Les victimes n’ont reçu qu’une fraction des millions échangés entre courtiers et acheteurs. Un homme qui a tenté de se retirer du processus a été menacé de « recouvrement de créances » pour son billet d’avion et ses examens médicaux. Sa fuite et ses contacts avec les autorités irakiennes ont finalement conduit au démantèlement du réseau.
Si la police iranienne a depuis revendiqué la révélation de l’opération, la question demeure : comment un tel réseau a-t-il pu fonctionner pendant des mois, voire des années, au sein d’une économie d’organes gérée par l’État, sans que l’État ne soit au courant ni complice ?
Un système conçu pour exploiter les désespérés
Le véritable coupable est plus profond : le cadre politique du régime clérical et sa gouvernance économique catastrophique. Au cours de la dernière décennie, l’effondrement économique de l’Iran a alimenté la croissance du marché noir, du travail informel et des économies de survie, du travail des enfants à la vente d’organes. Avec une inflation supérieure à 50 %, un chômage record et un accès aux soins de santé de plus en plus inaccessible, vendre un rein est devenu un choix rationnel, quoique désespéré, pour les plus démunis.
Le refus du régime de réformer ou de s’attaquer à la pauvreté structurelle, combiné à son recours à la « misère gérée » comme outil de contrôle, a créé un environnement où le trafic devient indissociable des politiques.

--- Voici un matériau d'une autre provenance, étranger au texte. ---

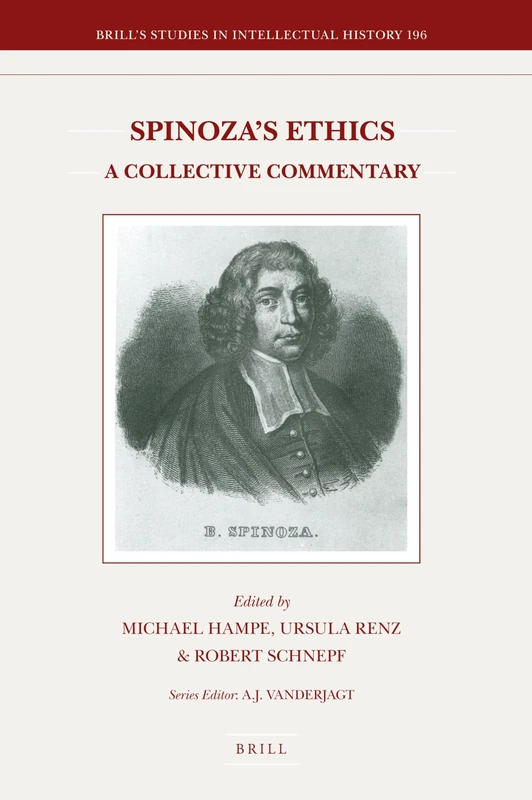Spinoza's Ethics: A Collective Commentary: 196 (Brill's Studies in Intellectual History, 196)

Et si les autorités continuent d’affirmer que le système juridique prévient les abus, de nombreuses études ont démontré le contraire. Une revue des politiques de santé de Harvard de 2011 a révélé que le système iranien, sous contrôle de l’État, « a facilité l’émergence de réseaux clandestins de courtiers, d’intermédiaires et de faux documents », notamment dans les centres urbains comme Téhéran et Machhad.
Déni politique, effondrement social
La réponse du régime iranien a été, comme on pouvait s’y attendre, creuse. Au lieu de lancer une enquête sur la façon dont une entreprise d’un milliard de tomans opérait sous son nez – ou de réformer un système qui monétise les pauvres –, il s’est concentré sur l’arrestation des auteurs et sur les poursuites. Pendant ce temps, ceux qui dénoncent le système, y compris les lanceurs d’alerte du secteur médical sont confrontés à la surveillance, aux interrogatoires ou aux représailles professionnelles.
Il ne s’agit pas seulement de corruption, mais d’une politique délibérée. Un régime qui contrôle toutes les grandes industries, surveille les hôpitaux et restreint la société civile n’a aucune excuse pour l’ignorance. La tragédie du trafic d’organes en Iran n’est pas l’œuvre d’acteurs véreux, mais d’un régime qui a externalisé sa responsabilité de protéger la dignité humaine en échange de sa survie économique et politique à court terme.
L’État contrôle le marché, même celui des reins
Alors que le scandale des reins à plusieurs milliards de tomans de Téhéran continue de faire la une des journaux internationaux, il est temps d’appeler le problème par son nom. Il ne s’agit pas seulement d’un marché noir, mais de l’ombre d’un système que la dictature cléricale elle-même a légalisé, permis et silencieusement développé.
Le seul véritable remède n’est pas la réglementation. C’est le changement politique.